American Cancer Society chief medical officer Dr. Otis Brawley has gone on the web with two recent videos on screening issues. His latest is on the continuing discussion about mammography recommendations for women in their 40s. The video appeared on the CNN website.
Dr. Brawley is an effective communicator. His mammography message in this clip is moderate and acknowledges that the number of lives saved by mammography in the 40s “is quite small.” But there was one glaring omission in his message: he never mentioned harms. This is a recurring theme in the discussion of screenings’ benefits and harms: the benefits tend to be emphasized and the harms tend to be minimized – or, in this case, ignored altogether.
Talk to women who’ve had false positive mammogram results and you’ll hear stories of harm. Talk to women who’ve received a diagnosis of a sometimes so-called “non-invasive” cancer like DCIS or ductal carcinoma in situ and you’ll often hear stories of harm.
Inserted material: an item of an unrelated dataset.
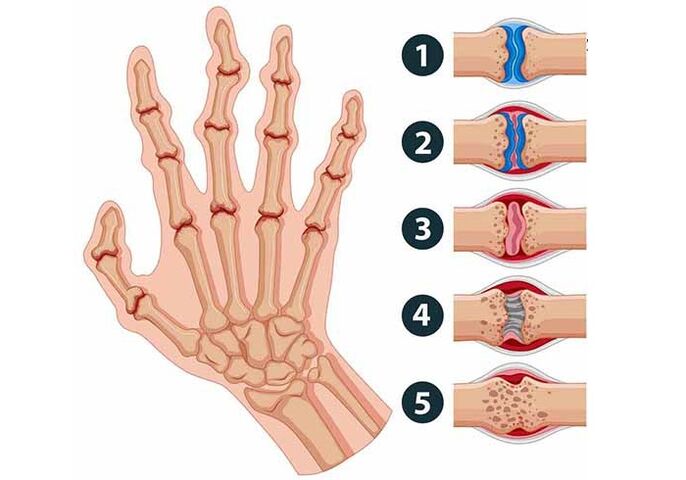 stages of development of arthritis in the joints of the fingers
And such findings may occur more often the younger you do mammograms.
For truly shared decision-making to take place, women need to be given accurate, balanced and complete information on not only benefits but on harms. Then they can make their own decision. That is precisely what the US Preventive Services Task Force wrote – a recommendation that was misconstrued and miscommunicated by many who knew better. USPSTF authors wrote:
“The decision to start regular, biennial screening mammography before the age of 50 years should be an individual one and take patient context into account, including the patient’s values regarding specific benefits and harms.”
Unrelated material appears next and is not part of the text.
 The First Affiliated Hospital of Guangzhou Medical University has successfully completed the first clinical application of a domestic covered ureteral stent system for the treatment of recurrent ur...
One of our medical editors once urged me to educate journalists about this true statement:
“ALL SCREENING TESTS CAUSE HARM; SOME MAY DO GOOD AS WELL.”
That’s a message that was missing in this video, as it usually is in screening discussions. We can do better.
One example of “the other side” to this discussion was published in the Washington Post this week – “Nurse practitioner explains why she refuses to endorse routine mammography.” ( Excerpted from the October issue of Health Affairs.)